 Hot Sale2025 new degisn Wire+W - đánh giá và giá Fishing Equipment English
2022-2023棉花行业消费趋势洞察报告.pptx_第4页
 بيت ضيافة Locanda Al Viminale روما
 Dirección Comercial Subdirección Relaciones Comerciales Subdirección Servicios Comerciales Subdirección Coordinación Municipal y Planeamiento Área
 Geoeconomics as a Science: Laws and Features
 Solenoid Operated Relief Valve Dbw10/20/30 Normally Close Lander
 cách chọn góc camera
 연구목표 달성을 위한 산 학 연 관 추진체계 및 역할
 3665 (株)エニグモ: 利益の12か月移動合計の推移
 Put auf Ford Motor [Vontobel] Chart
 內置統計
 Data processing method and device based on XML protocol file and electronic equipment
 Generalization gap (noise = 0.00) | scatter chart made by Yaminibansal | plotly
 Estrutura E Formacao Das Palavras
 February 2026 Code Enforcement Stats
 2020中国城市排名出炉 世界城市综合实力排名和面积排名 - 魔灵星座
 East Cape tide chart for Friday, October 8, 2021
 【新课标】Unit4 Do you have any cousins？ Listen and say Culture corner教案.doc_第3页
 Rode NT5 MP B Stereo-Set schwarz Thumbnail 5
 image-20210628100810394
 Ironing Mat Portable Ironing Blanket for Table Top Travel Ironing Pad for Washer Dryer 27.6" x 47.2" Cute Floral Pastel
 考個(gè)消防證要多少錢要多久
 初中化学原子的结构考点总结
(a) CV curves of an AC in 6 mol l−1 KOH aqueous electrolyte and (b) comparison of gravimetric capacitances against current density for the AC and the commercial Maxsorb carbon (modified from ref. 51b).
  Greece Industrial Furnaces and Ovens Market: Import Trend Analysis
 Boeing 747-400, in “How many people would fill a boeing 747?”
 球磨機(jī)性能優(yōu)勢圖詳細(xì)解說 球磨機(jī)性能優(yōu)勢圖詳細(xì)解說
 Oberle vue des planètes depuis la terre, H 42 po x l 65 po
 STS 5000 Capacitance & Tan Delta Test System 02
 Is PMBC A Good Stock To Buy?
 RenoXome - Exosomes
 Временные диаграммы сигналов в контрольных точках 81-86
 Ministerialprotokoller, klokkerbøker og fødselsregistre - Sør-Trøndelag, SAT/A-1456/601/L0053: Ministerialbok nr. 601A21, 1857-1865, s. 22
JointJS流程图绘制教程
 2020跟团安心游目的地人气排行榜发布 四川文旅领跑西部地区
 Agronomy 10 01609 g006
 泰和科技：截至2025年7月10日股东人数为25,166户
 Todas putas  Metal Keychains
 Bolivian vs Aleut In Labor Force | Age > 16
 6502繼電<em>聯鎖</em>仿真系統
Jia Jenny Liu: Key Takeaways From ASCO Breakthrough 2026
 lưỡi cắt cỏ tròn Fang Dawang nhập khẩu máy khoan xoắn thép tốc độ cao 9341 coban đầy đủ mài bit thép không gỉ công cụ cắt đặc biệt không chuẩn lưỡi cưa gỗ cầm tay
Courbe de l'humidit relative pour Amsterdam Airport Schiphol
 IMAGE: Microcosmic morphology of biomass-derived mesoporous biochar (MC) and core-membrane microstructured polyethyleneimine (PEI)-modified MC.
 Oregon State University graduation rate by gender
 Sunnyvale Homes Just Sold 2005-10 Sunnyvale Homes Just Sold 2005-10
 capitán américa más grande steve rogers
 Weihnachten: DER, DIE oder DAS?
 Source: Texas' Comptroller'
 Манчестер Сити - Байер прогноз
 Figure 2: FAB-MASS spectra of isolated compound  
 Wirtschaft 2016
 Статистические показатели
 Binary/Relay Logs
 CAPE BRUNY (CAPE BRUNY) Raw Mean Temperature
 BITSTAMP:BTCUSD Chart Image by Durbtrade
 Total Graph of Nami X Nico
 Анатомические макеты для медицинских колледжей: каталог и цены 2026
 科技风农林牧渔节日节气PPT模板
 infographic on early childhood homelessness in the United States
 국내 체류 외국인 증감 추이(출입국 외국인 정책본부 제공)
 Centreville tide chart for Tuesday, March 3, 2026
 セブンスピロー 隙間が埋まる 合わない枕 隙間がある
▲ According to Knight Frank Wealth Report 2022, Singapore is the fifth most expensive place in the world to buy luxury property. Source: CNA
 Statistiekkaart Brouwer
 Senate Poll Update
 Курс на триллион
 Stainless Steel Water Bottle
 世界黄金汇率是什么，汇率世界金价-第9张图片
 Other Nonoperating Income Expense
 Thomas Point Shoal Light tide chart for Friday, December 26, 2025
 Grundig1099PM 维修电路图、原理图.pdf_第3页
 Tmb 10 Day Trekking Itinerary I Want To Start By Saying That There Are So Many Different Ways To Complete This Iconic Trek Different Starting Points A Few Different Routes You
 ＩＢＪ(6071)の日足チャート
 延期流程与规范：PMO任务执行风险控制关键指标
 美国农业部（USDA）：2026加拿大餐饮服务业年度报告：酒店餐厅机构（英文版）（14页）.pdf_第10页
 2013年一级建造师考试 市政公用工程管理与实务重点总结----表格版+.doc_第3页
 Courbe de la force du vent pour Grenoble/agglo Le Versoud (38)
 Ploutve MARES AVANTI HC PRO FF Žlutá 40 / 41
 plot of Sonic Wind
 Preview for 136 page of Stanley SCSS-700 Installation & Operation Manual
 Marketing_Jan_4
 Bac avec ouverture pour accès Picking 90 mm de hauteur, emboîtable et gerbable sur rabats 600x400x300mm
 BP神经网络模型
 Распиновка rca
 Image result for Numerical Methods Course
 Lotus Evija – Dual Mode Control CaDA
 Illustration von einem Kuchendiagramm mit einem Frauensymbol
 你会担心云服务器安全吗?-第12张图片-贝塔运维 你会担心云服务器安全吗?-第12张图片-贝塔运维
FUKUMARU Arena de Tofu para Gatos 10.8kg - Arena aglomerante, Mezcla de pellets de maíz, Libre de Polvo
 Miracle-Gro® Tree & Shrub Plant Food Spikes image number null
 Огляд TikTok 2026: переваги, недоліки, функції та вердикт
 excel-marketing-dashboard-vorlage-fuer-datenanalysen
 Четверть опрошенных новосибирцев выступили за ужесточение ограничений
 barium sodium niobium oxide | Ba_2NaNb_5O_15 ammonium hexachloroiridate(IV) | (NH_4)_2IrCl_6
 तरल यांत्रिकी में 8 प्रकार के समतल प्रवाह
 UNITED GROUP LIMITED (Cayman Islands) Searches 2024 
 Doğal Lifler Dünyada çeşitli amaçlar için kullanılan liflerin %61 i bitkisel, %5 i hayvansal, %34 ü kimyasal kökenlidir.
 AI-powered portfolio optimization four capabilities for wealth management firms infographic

## Task objective
Only the lines from the one containing "Статистические показатели" through the one containing "Other Nonoperating Income Expense" are to be retyped, both boundary lines included, with no other material.

## Answer box
 Статистические показатели
 Binary/Relay Logs
 CAPE BRUNY (CAPE BRUNY) Raw Mean Temperature
 BITSTAMP:BTCUSD Chart Image by Durbtrade
 Total Graph of Nami X Nico
 Анатомические макеты для медицинских колледжей: каталог и цены 2026
 科技风农林牧渔节日节气PPT模板
 infographic on early childhood homelessness in the United States
 국내 체류 외국인 증감 추이(출입국 외국인 정책본부 제공)
 Centreville tide chart for Tuesday, March 3, 2026
 セブンスピロー 隙間が埋まる 合わない枕 隙間がある
▲ According to Knight Frank Wealth Report 2022, Singapore is the fifth most expensive place in the world to buy luxury property. Source: CNA
 Statistiekkaart Brouwer
 Senate Poll Update
 Курс на триллион
 Stainless Steel Water Bottle
 世界黄金汇率是什么，汇率世界金价-第9张图片
 Other Nonoperating Income Expense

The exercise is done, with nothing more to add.